Investors in the oil market were initially thrown into the heat then to the cold. Brent and WTI marked an 8-day rally, then dropped for six days in a row. Stabilizing the situation supported rumors on the dissatisfaction of OPEC members with the production growth of Libya and Nigeria, who were exempted from obligations, that reduced the volume of planned oil output by a third to the balance of the scale of production cuts. A critical decision on these countries will be taken at the end of July in Moscow, but Goldman Sachs argues that it will not be able to support oil. In order for WTI to not collapse below $40 per barrel, we need a new cut from the group, which is currently not being discussed.
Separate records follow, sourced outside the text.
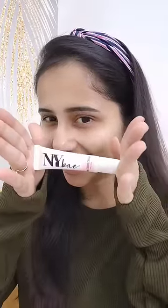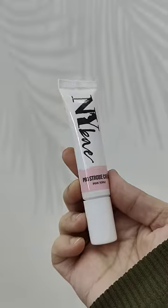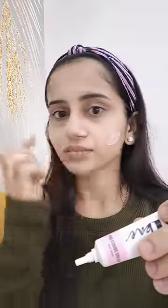The first magic product is NYX Strobe Cream — specifically the Pro Strobe Cream. You can use this for glass skin makeup and apply it on your cheeks and forehead.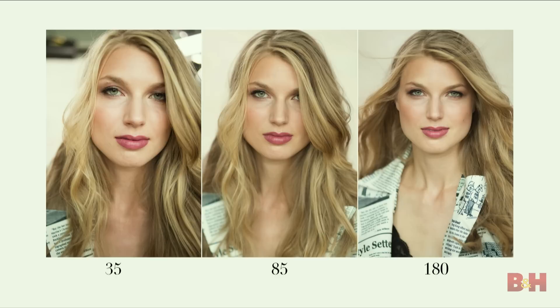Do you guys have the 70-200? Next time you're shooting a headshot, try zooming all the way to 200mm, backing up, and then taking your image. You're going to get a lot more amazing results just because of the compression — it's going to blur your background really nicely and make your model look even better. That's what that longer focal length will do for your headshot settings.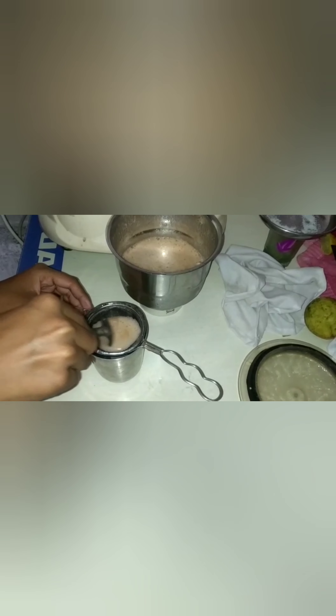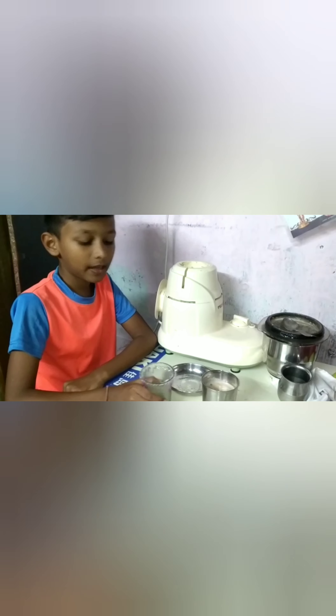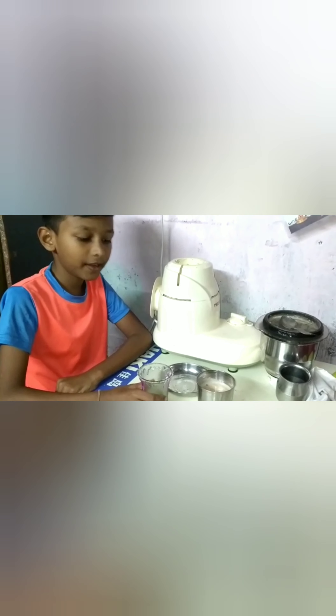Add the garlic. I will put the juice in the glass.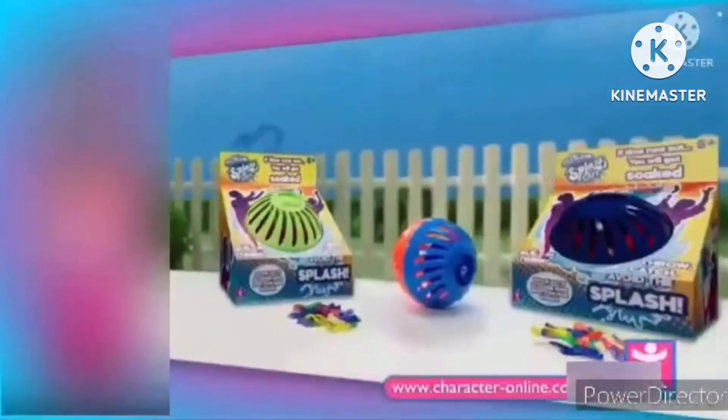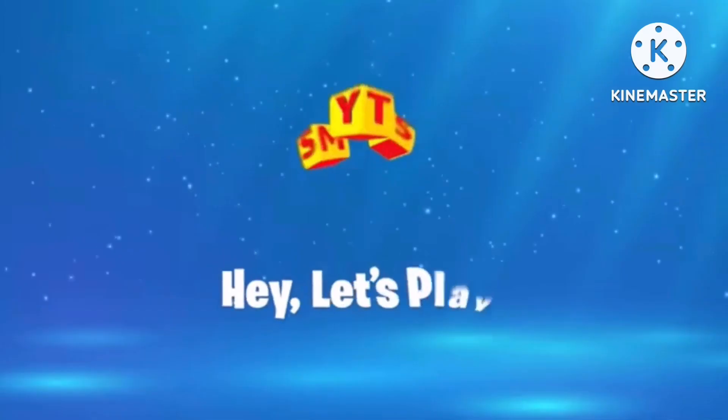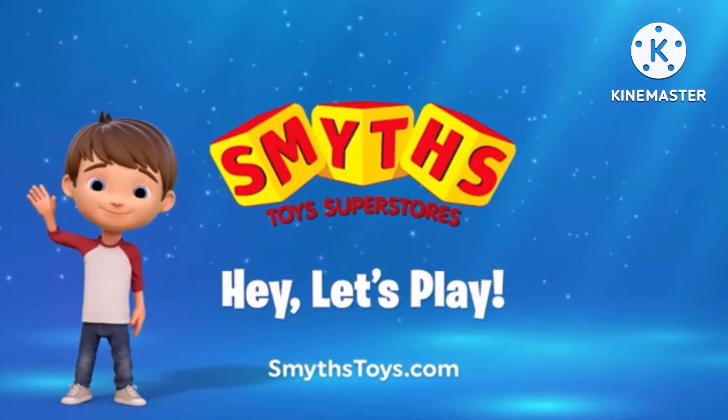Stay active with Splash Out from Character. Available now at Smyths Toys Superstores.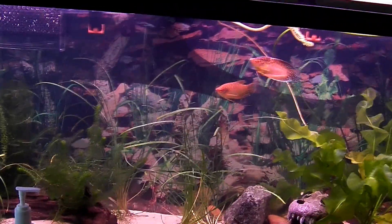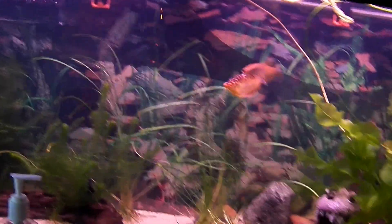Hello, it's JoeCat12345 here again, and this is another video about my fish tank. And what do you notice different? No sponge filters, unlike before.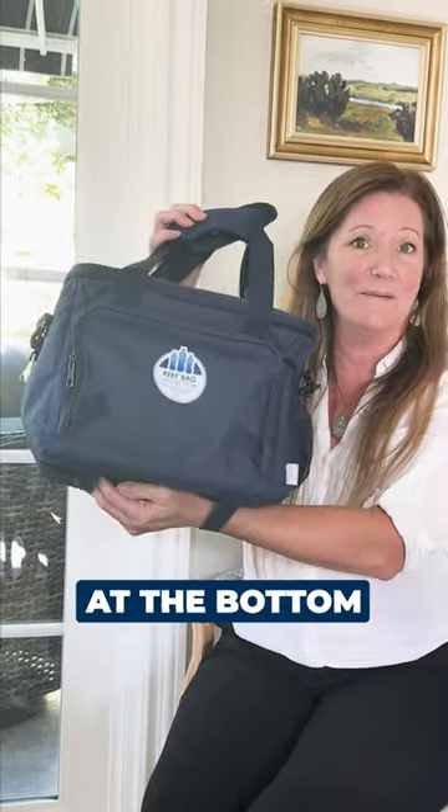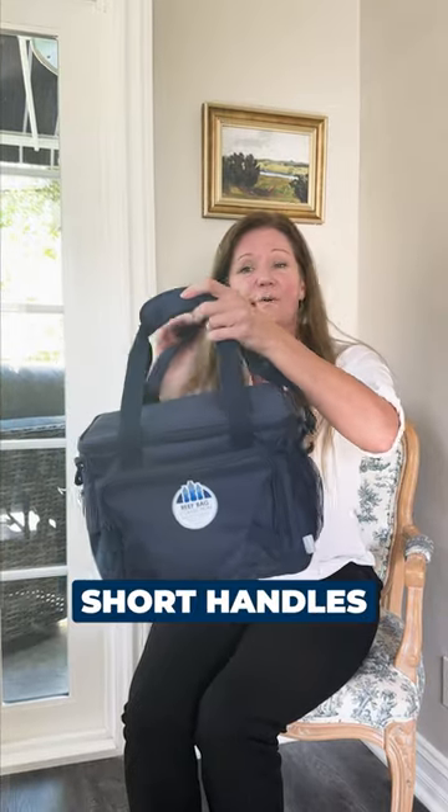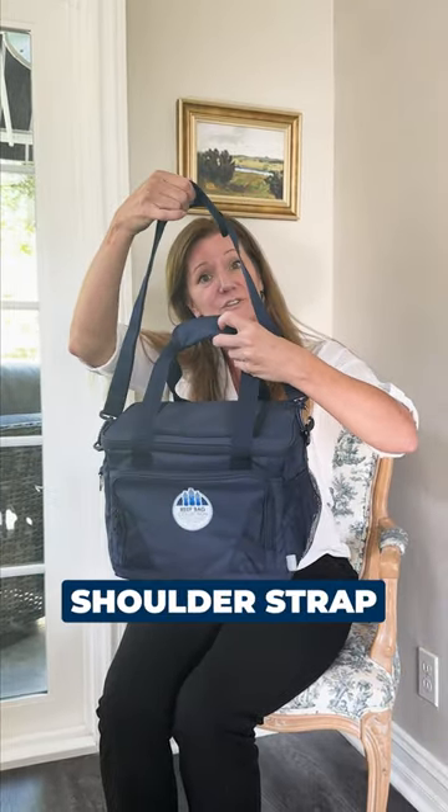One I love to show are the straps at the bottom — they can hold a towel or a blanket if you take this out. You have the top-loading cooler, short handles, or the long shoulder strap.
Looking at the movement of the futures of both varieties, it appears that the "bears" have yet to dominate. Oil poorly responded to positive news and quickly fell into the negative. In this respect, Thomson Reuters reported growth in OPEC exports to 25.92 million barrels per day in June, up by 450,000 bpd from May and 1.9 million bpd more than a year earlier, became the catalyst for sales. However, a much greater impact came from the report of the U.S. Energy Information Administration, in which, along with the reduction in inventories, there was room for news on the rise of overall production to 9.34 million bbls. The decline at the end of last week was seen as a temporary event, which allowed the "bears" on Brent and WTI to go on another attack.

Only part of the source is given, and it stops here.